Grand Lake (farther than 45 minutes) used to be really good in March in the channels, but the lake has really went downhill - was the color of pea soup the last time i fished it.


----------



## WalleyeJones (Feb 15, 2006)

There's not a whole lot that's nearby. Loraime, Paint Creek, Indian, and Acton Lake are the best crappie spots going right now. Loraime is froze over (and not producing crappie), but will be great in a few weeks. Paint was unbelievable this winter (pre-freeze). I was throwing keepers (8.5" is a keeper for me) back I caught so many. I cleaned 53 one day. Acton can be hot off the dam at times. Indian has been a perrenial producer.

Cowan is full of 6" crappies, not worth the effort unless you're just looking for action. CC is known as the "dead sea" for a reason. Grand Lake will produce in the spring, but once the water temp. gets to a certain point, it will green up and be worthless. Google Grand Lake and the ODNR if you want to read about the problems going on at that lake. At least they recognize there's a problem, but the solution is going to be awhile.


----------



## kevinburgmeier (Apr 1, 2007)

Don't believe Walleye Jones about CC.I usually fish straight across frm the Wellman Ramp in a very woody tree and also a laydown toward the dam.I usually catch between 8 and 15 crappies 10-14 inches.Watch out for muskies attacking your catch.They have eaten my crappies before.


----------



## dodgeboy75 (Feb 20, 2007)

kevinburgmeier said:


> Don't believe Walleye Jones about CC.I usually fish straight across frm the Wellman Ramp in a very woody tree and also a laydown toward the dam.I usually catch between 8 and 15 crappies 10-14 inches.Watch out for muskies attacking your catch.They have eaten my crappies before.



I'LL Second that, We had 20-30 crappie days, summer thru fall in areas right out in the open.

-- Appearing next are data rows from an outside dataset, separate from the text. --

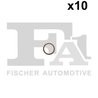 INEL ETANSARE, SURUB DRENA ULEI FA1 875.760.010 - Compatibil cu AUDI, BMW, CADILLAC, FORD, ROVER, SAAB, SEAT, SKODA, VOLVO, VW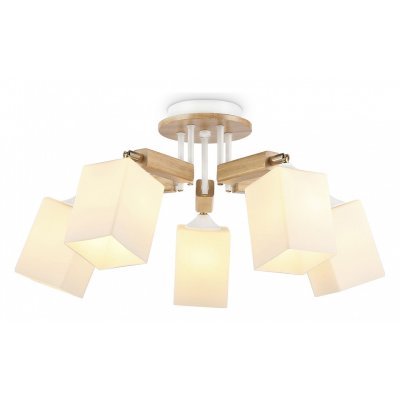 Потолочная люстра Ambrella Light TR TR9518 AMBR_TR9518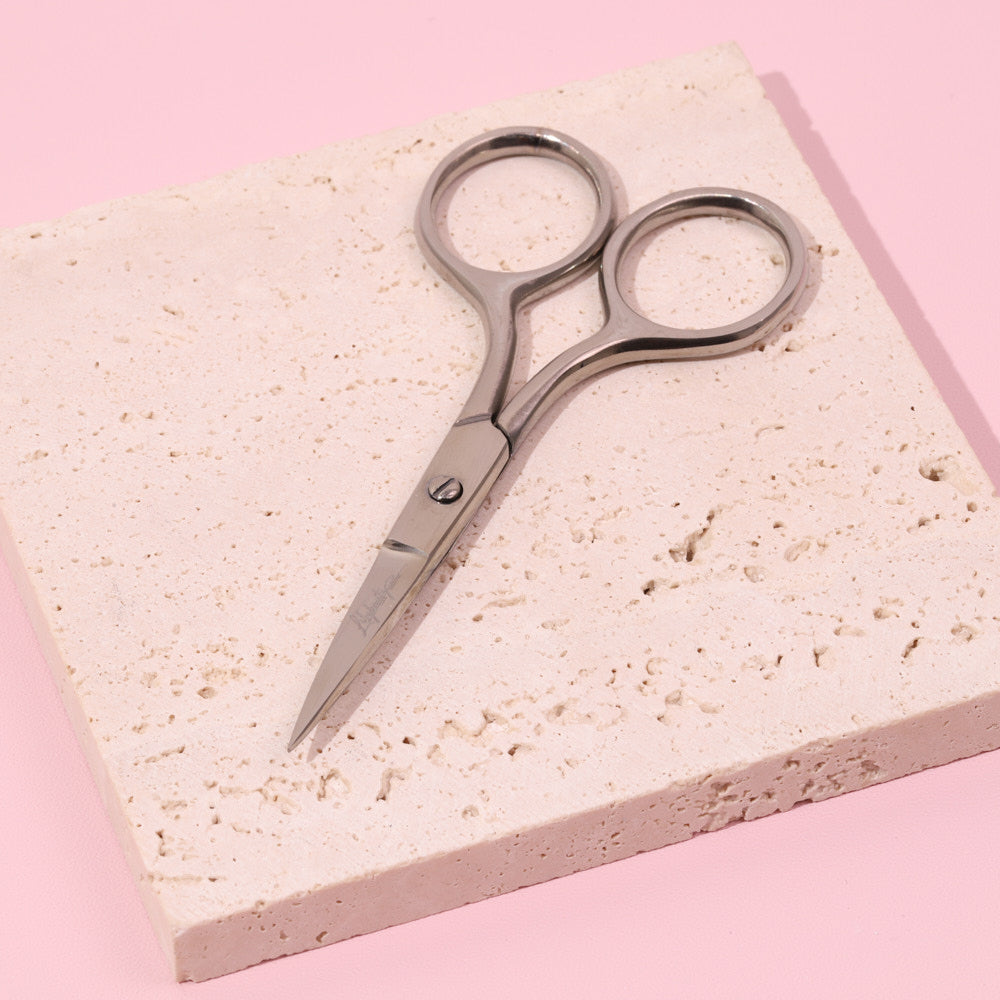 Eyelash Scissors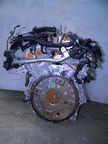 Двигатель NISSAN TEANA J32 VQ25DE (Контрактный) 79768110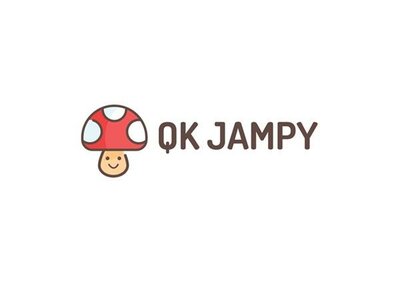 Trademark Qk Jampy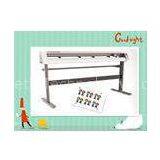 USB Paper / Fabric / Sign TENETH Cutting Plotter With Optical Eye , CE Certificate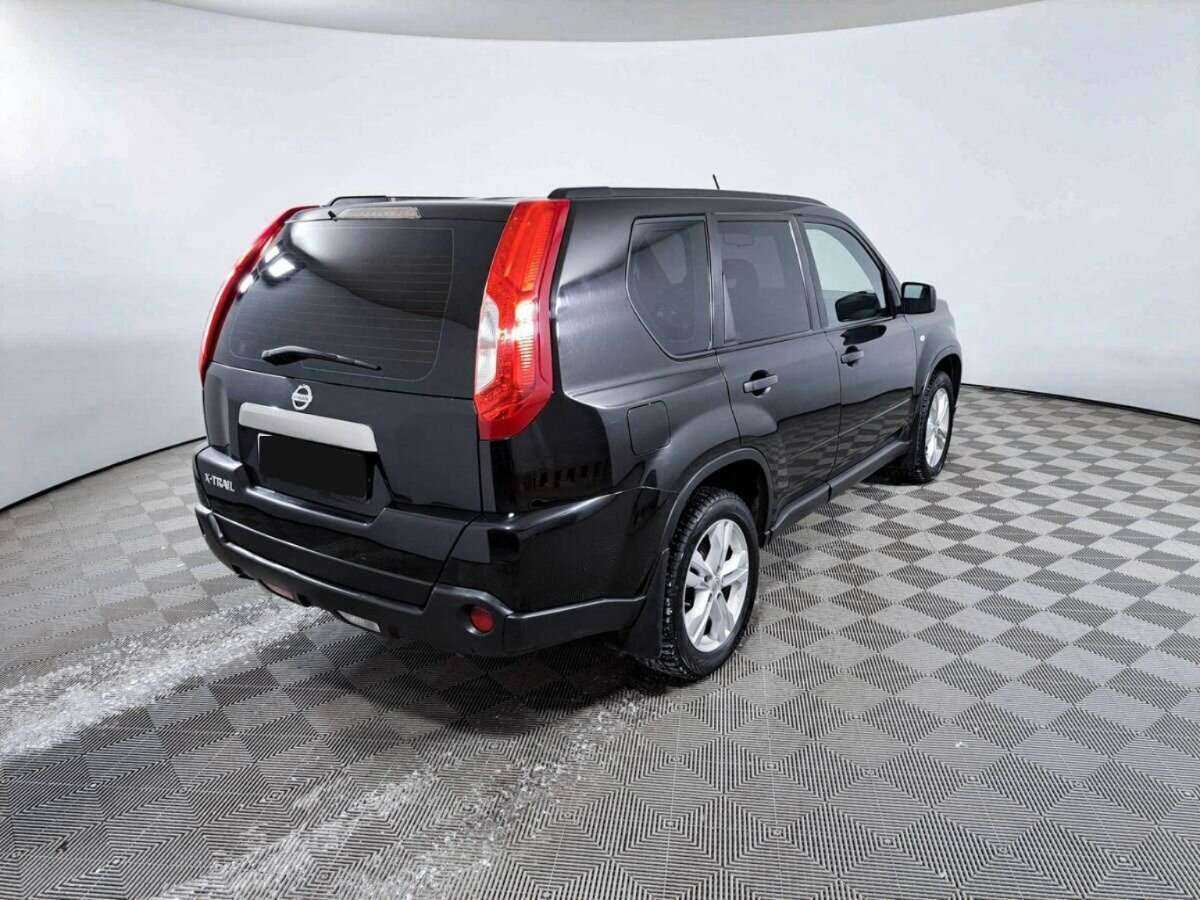 Купить Nissan X-Trail, 2014, 237 905 км, фото №5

Also if you are looking to CATCH crappies try Madison Lakes, they have no size, probably stunted, but will keep you busy.


----------



## leftfordead88 (Oct 22, 2007)

thanks guys i might try cc by the wellman ramp.. would i need a boat? or is bank fishing decent.. ive fished eastwook lake a million times but its usually for bass and channels..i dont usually target crappie that often but sometimes i just get that urge..ill be hitting possum creek tomorrow morning with xmatthewx for some trout..maybe ill get a bonus crappie!!


----------



## dodgeboy75 (Feb 20, 2007)

A boat would be nice, but there are alot of spots for bank fishing.


----------



## WalleyeJones (Feb 15, 2006)

I'm not saying there's no crappie in CC. And I've definitely caught some there, but the numbers don't justify the effort when I can go to these other lakes and always catch fish...and this is coming from a guy who lives 10 minutes from CC. I would LOVE for it to be a better producer...believe me. Plus, it's full of idiots when warm.

Let us know how your trip to the dead sea turns out. I bet I could make a pretty accurate prediction, but I won't. You should probably call B&B's before you go. PS - B&B's is a great bait shop...open 24 hours...


----------